* [Problem details]: Please print nothing but the lines from the one containing "Nervous System part two" to the final line below, exactly, and no pictures.

* [Material provided]:
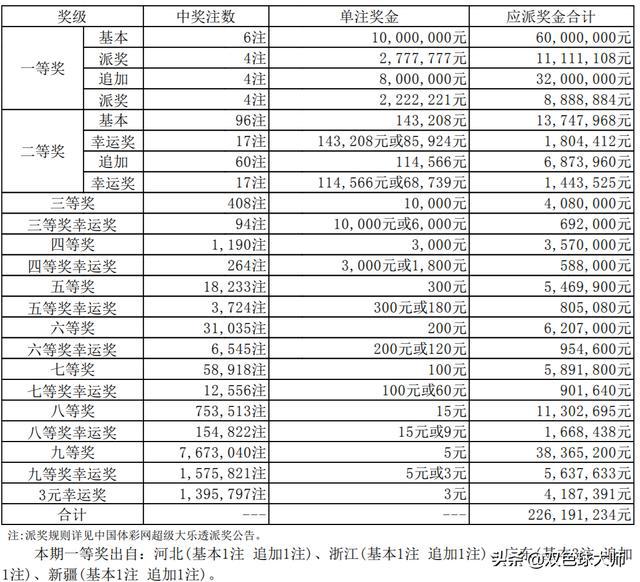 体彩31选7福建走势图解析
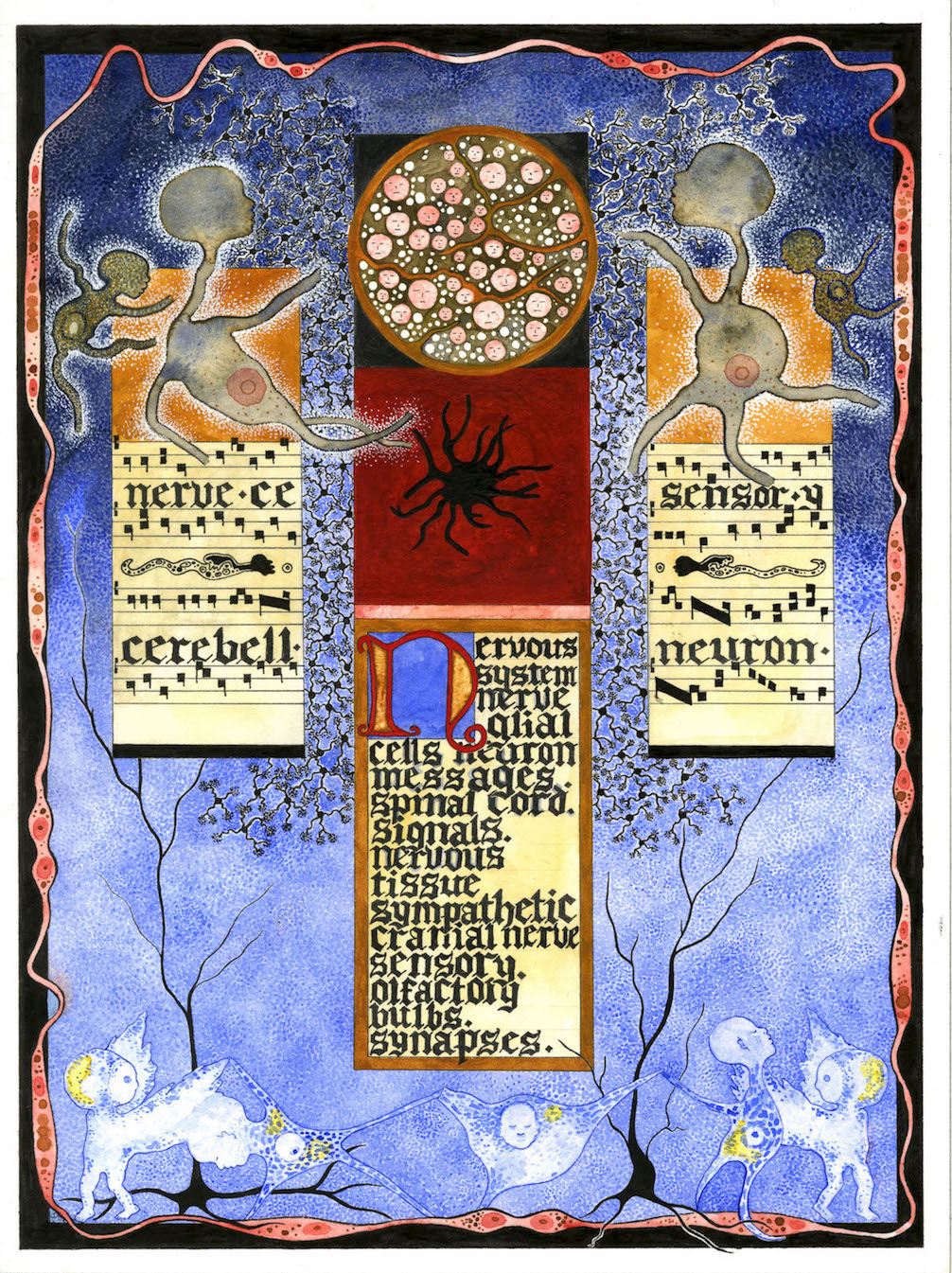 Nervous System part two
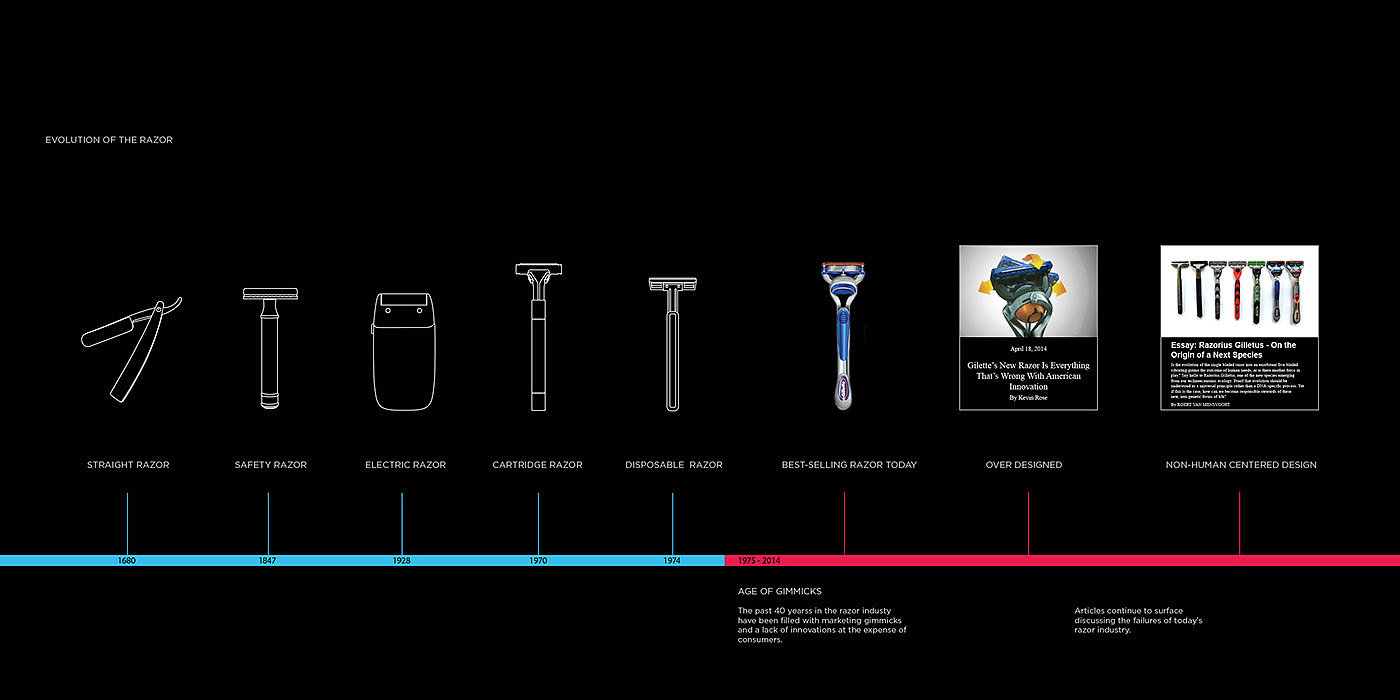 modern，Blade type，razor，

* [Written solution]:
 Nervous System part two
 modern，Blade type，razor，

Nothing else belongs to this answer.